Manuel Díaz Martínez hubiese sentido la misma emoción en el taller de Buiza, que en aquella covacha en la que se escondía aquel imaginero gaditano.  Finalmente, la conmoción venía por el oficio habitado por las manos, por la bohemia de aquellos lugares en los que el arte seguía dialogando con Martínez Montañés o Juan de Mesa, con el siglo de oro de la imaginería.

En Cádiz, Buiza dejó alguna de sus mejores obras. Puede decirse que Cádiz le entendió mejor que Sevilla, y algo de esa percepción hay en el latido del documental que Jesús Devesa ha dedicado al imaginero carmonense. Buiza dejó en Cádiz una María Magdalena estremecedora que forma parte del misterio de la hermandad de la Piedad. Hay imágenes aparentemente secundarias que adquieren rango superlativo. Esta es una de ellas.

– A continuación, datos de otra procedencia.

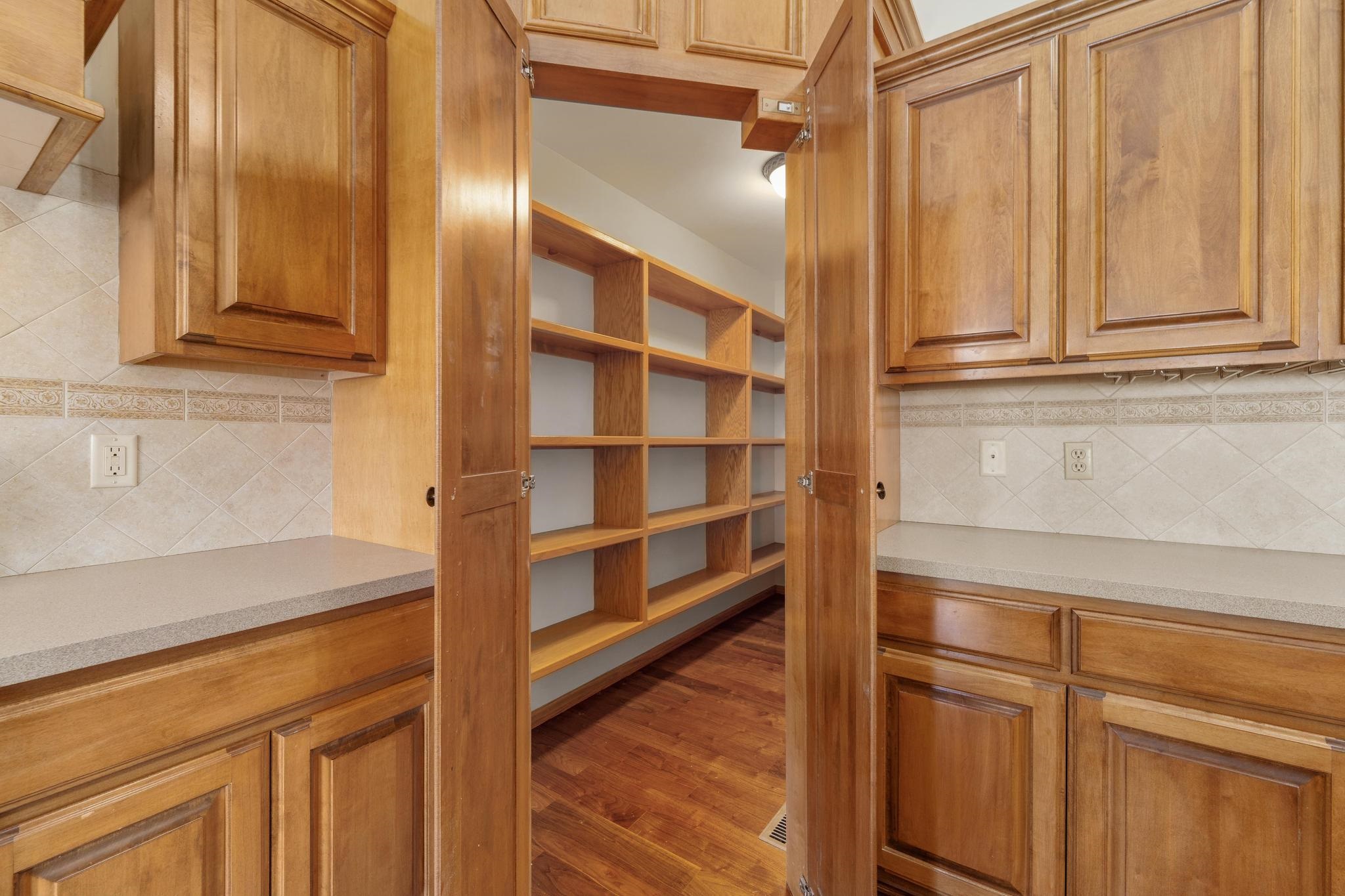 757 S Meridian Road Wellington KS 67152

María de Magdala, que sigue inquietando al ortodoxo, discípula amada de Jesús, con quien tanto quiso.  Como afirma Riana Eisler en El cáliz y la espada:

Resulta todavía más asombroso que los Evangelios nos cuenten que fue a María Magdalena a quien se apareció primero Cristo resucitado. Es ella quien guarda su tumba, mientras llora sobre el sepulcro vacío tras su muerte. Allí, María Magdalena tiene una visión en la que Jesús se le aparece antes que ninguno de los celebérrimos doce discípulos masculinos. Y es a María Magdalena a quien Jesús resucitado pide que informe a los demás que está a punto para la ascensión.

Con esa fuerza, esa relevancia y ese estremecimiento de la palabra evangélica, Buiza talló, cuando morían los años cincuenta, a María Magdalena en el calvario cuya sensualidad y carnalidad se traslucen al contemplar el boceto en barro que Pedro Ignacio Martínez Leal incluye entre las muchas fotografías de su libro dedicado a Buiza en el año 2000.

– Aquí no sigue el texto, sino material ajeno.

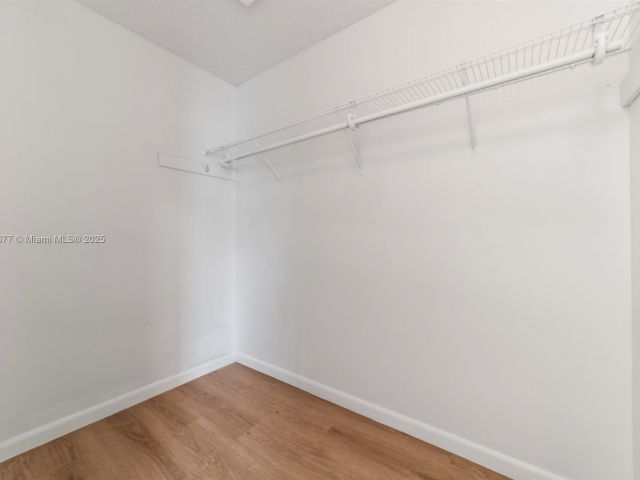 Дом в аренду по адресу 3358 NW 198th Ter - фото 7456313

Otra obra cumbre de Buiza para Cádiz fue la imagen de la Dolorosa de la Trinidad, titular de la hermandad del Medinaceli. Corría 1967, el año que mi padre, el poeta José Manuel García Gómez, pregona por primera vez la Semana Santa de Cádiz, el mismo año que Buiza ejecuta el crucificado sevillano de la Sangre, imagen de Cristo delicadamente muerto, obra ya de irreprochable madurez. Ese año el recordado cofrade José Luis Ruiz Nieto-Guerrero, asiduo al taller de Buiza, le encarga para la hermandad gaditana del Medinaceli, la imagen de la Trinidad, que tantos años procesionaría sin palio, y a la que mi padre conmoviera de tal modo que le inspiró esta décima expresiva y rotunda: «Me duele el tiempo, Señora/ perdido por no cantarte/ mas como quiero pagarte/ déjame decirte ahora/ que tu Trinidad, Señora, no cabe en el verso mío/Es tu llanto como un río/ que marchita los rubores/ y son tus manos dos flores/ mustias de pena y de frío».

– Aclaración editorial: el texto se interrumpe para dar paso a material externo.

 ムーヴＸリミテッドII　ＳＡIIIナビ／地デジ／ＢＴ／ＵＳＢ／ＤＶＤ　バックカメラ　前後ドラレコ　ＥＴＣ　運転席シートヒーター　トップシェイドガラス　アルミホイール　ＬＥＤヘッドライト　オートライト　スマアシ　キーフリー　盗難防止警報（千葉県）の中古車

El verso de mi padre y la gubia de Buiza cruzándose en las vísperas de la noche del Jueves Santo, de tantas evocaciones personales, y en las que salgo a buscar al niño perdido de mi Semana Santa, al niño de la mano de su padre contemplando al Medinaceli pasar por el Arco de la Rosa, el Arco de la Rosa que él salvara de su derribo, ese mismo niño atónito tras el Nazareno de Santa Maria, gitana melena al viento, oráculo de Cádiz.

Madrugadas del recuerdo, luna llena en Semana Santa fijada por el verso desterrado de Cernuda y Buiza centenario, fotografiado en su taller, en la Casa de los Artistas, policromando el aura de una de sus imágenes. Cristo entrando triunfal en Jerusalén, Cristo orando en Getsemaní, Cristo maniatado, Cristo con la cruz al hombro, Cristo agonizante o muerto o descendido de la cruz. Todos los Cristos que soñó Buiza y que no pudo soñar aquel imaginero de la covacha al que sorprendió el poeta cubano Manuel Díaz Martínez para, finalmente, inmortalizarlo en un poema.